- _Requirement_: Any picture must be dropped, but each line of the data should be duplicated exactly.

- _Data section_:

>>>

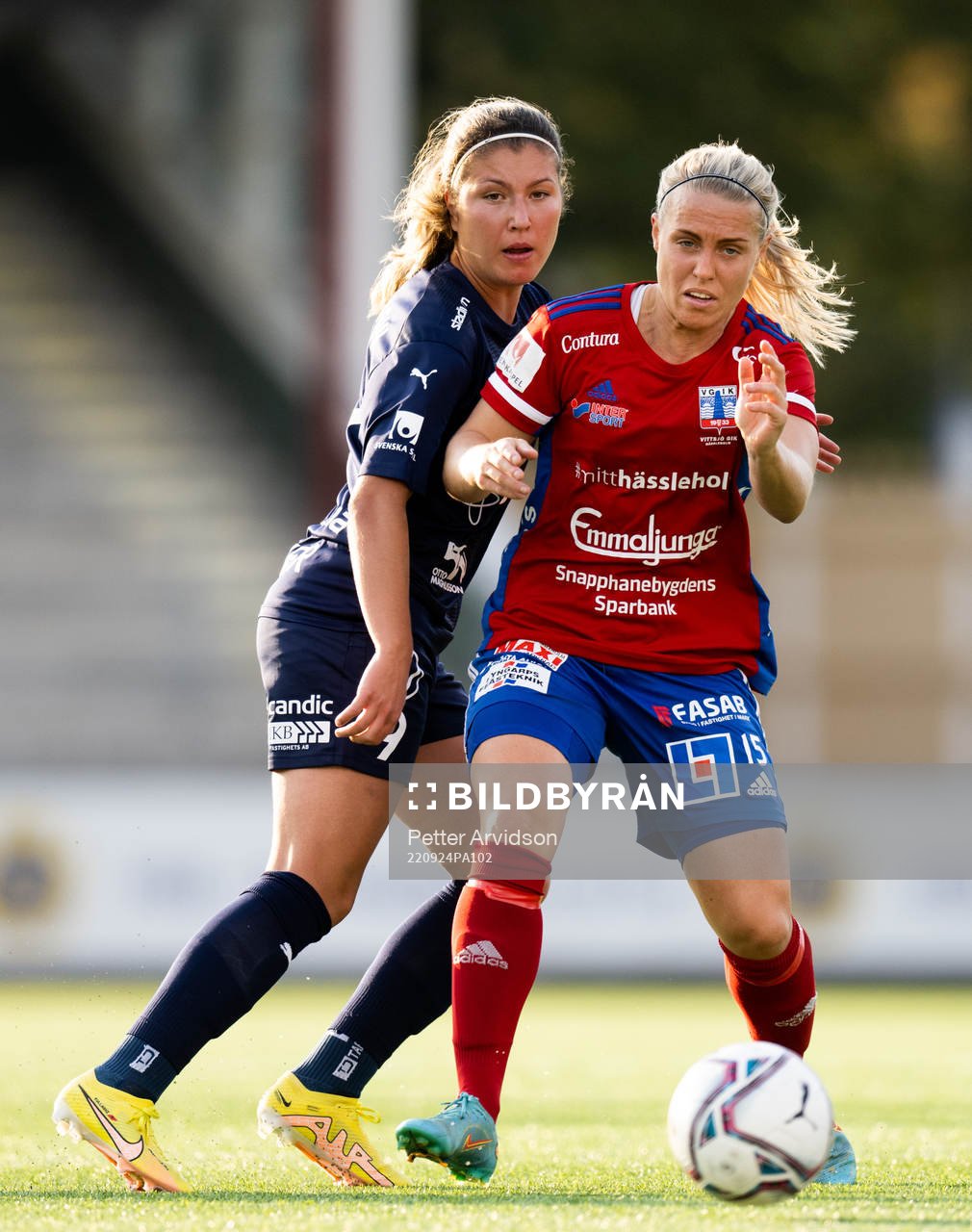 FC Rosengårds Loreta Kullashi och Vittsjös Nellie Persson under fotbollsmatchen i Damallsvenskan mellan FC Rosengård och Vittsjö den 24 september 2022 i Malmö.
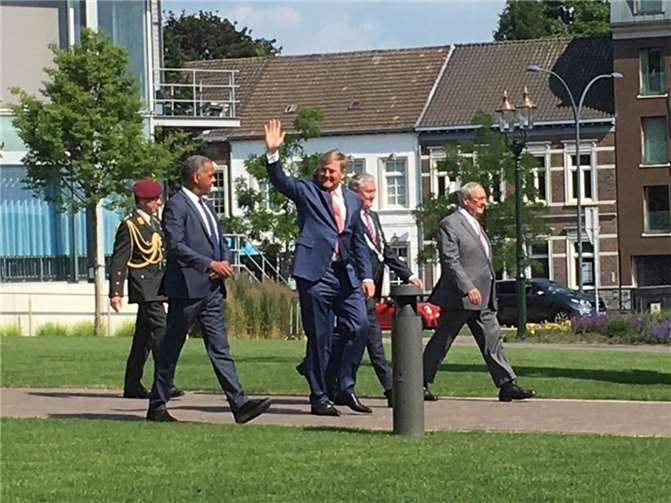 König Wilhelm-Alexander verlässt das Limburg Museum nach der Einweihung. Foto: Kfd Heimbach-Weis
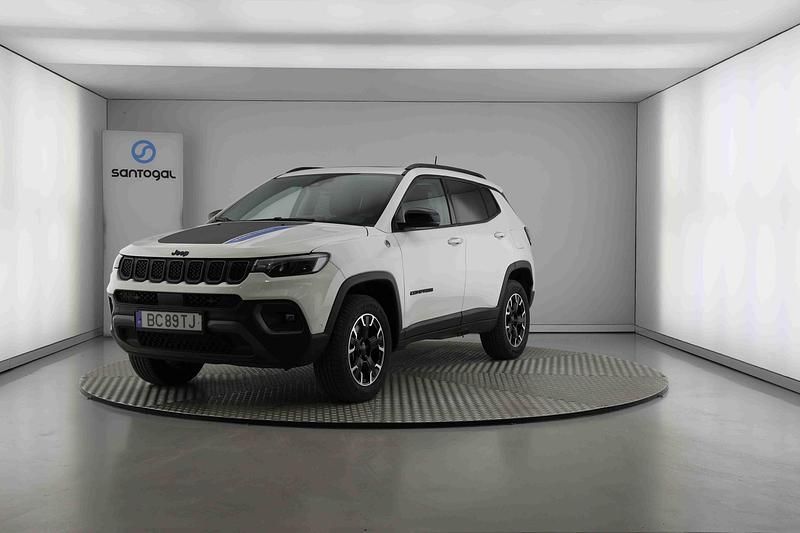 Branco Usado 2023 Jeep Compass Trailhawk SUV | € 32.490 (Preço justo) - Imagem 1/4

<<<

- _Problem solution_:
 FC Rosengårds Loreta Kullashi och Vittsjös Nellie Persson under fotbollsmatchen i Damallsvenskan mellan FC Rosengård och Vittsjö den 24 september 2022 i Malmö.
 König Wilhelm-Alexander verlässt das Limburg Museum nach der Einweihung. Foto: Kfd Heimbach-Weis
 Branco Usado 2023 Jeep Compass Trailhawk SUV | € 32.490 (Preço justo) - Imagem 1/4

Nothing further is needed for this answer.